What this means, in essence, is that all the dogs of a single breed are set up in the same area in between showing. All of the French Bulldogs, for example, will be together, which means you’ll also have easy access to all of the French Bulldog breeders and exhibitors who are at the same show. Many times, people will set up little informational booths and displays, often with the breed clubs or local breed rescues also offering a display.

There are very, very few benched shows left in the world, and while exhibitors might complain about them, there are really no better shows for the average public to attend.  Benched shows are ultimately intended to provide a way for the public to interact with large groups of breeders and exhibitors, all in one place, and most people who enter benched shows do so with the understanding that they will make themselves available to answer questions about their dogs and their breed.

If you live in or near the Chicago area, Luke and Andrea would LOVE to have you come out to meet them, and to cheer for them. As I mentioned, they’re only entered in the ‘benched’ portion of the show, which is Saturday and Sunday. I’ll be posting entry times as the show dates gets closer, but please let me know if you plan to attend, so that they can keep an eye out for you.

Up in Michigan, Sue Simon had been hoping to attend the IKC show with Luke and Leah’s dad, Dexter. Unfortunately, the timing isn’t great right now, so she’ll be entering him in some local Michigan shows, including Cobo Hall – which just happens to be another benched show!

This means another great chance to come out and meet with dogs and their owners, including the Dashingly Devious Dexter. Please give him a head skritch from me, and tell him to try to behave himself for Sue!

French Bulldog in the snow

Leah 'enjoying' the snowy CT weather

Over on the East Coast, Luke’s sister Leah is also getting ready for her show ring debut. We’re currently working out details for the Lovely Ms Leah to head up to Canada, where she’ll be ably handled by the ultra talented Kay Reil, who finished Butters for us last year.  I have high hopes that Leah will make it up in time for the CKC’s Charitable dog show event, the Purina National dog show. This year’s show should have a great turn out, as it’s being held at the Interational Center near the Toronto Airport.

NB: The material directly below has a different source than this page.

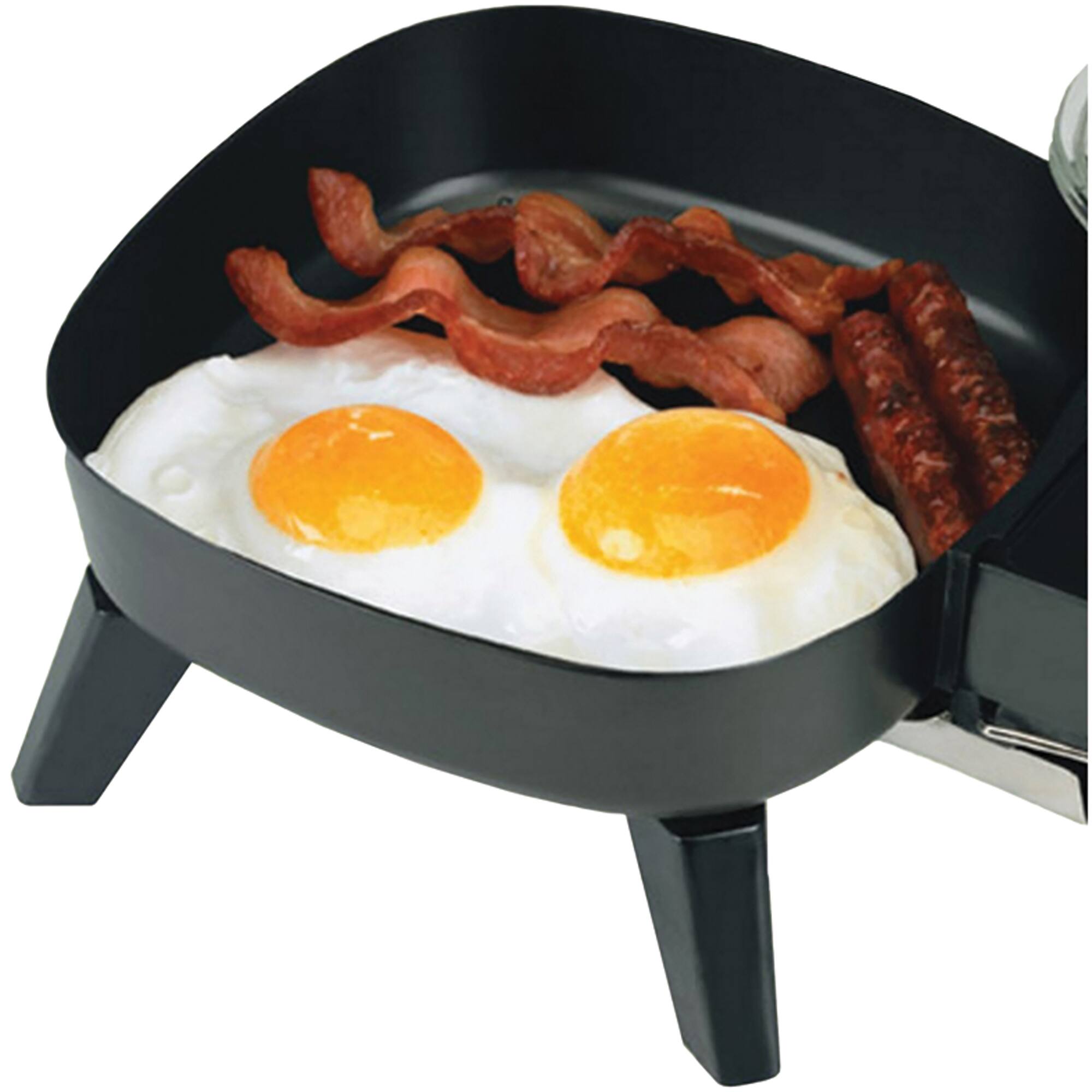 Brentwood 6" Black Nonstick Electric Skillet with Glass Lid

Last year, Butters made her debut at the Purina National, and it would be nice to see Leah do the same. We’ll be offering a breed information booth at the Purina National this year, and again – we’d love to see you come out to meet us, and to learn more about Frenchies.

Also on the east coast is Finlee, Delilah’s Dexter daughter. Finlee and her new mom, Amanda, will be making their ring debut some time later this spring, and we look forward to hearing more about their progress. We also need Amanda to send us more photos – Flickr is your friend, people!

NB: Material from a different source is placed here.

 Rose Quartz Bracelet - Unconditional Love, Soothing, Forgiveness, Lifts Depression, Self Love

Last but hardly least is our own little Dex-ette, Pickle. She’s coming along quite nicely – her body is lovely at this stage, but her head needs to catch up with it. Right now, she looks like she’s got a mature body, with a puppy head. We’re going to give her some time for all of her bits to catch up with each other before we put her in the ring. Some pups just aren’t fully finished until a year or so, and I’m in no rush to get her out there. We’re aiming for early summer, with our fingers crossed. In the meantime, we’re going to do a local obedience class, as I think it will be good for her confidence.

I hope Barb can’t read the blog from Heaven – she used to freak out when she heard I was putting show puppies into obedience class! It’s that lingering, old school belief that “if you teach them to sit, they won’t stand in the ring!”. I think they can learn to do both, and I think it’s good for them to be stimulated and learning something other than just to be pretty faces.

How about you – if you have show prospect puppies, are you making plans for spring? If you’re a pet person, have you ever attended a dog show, or would you ever?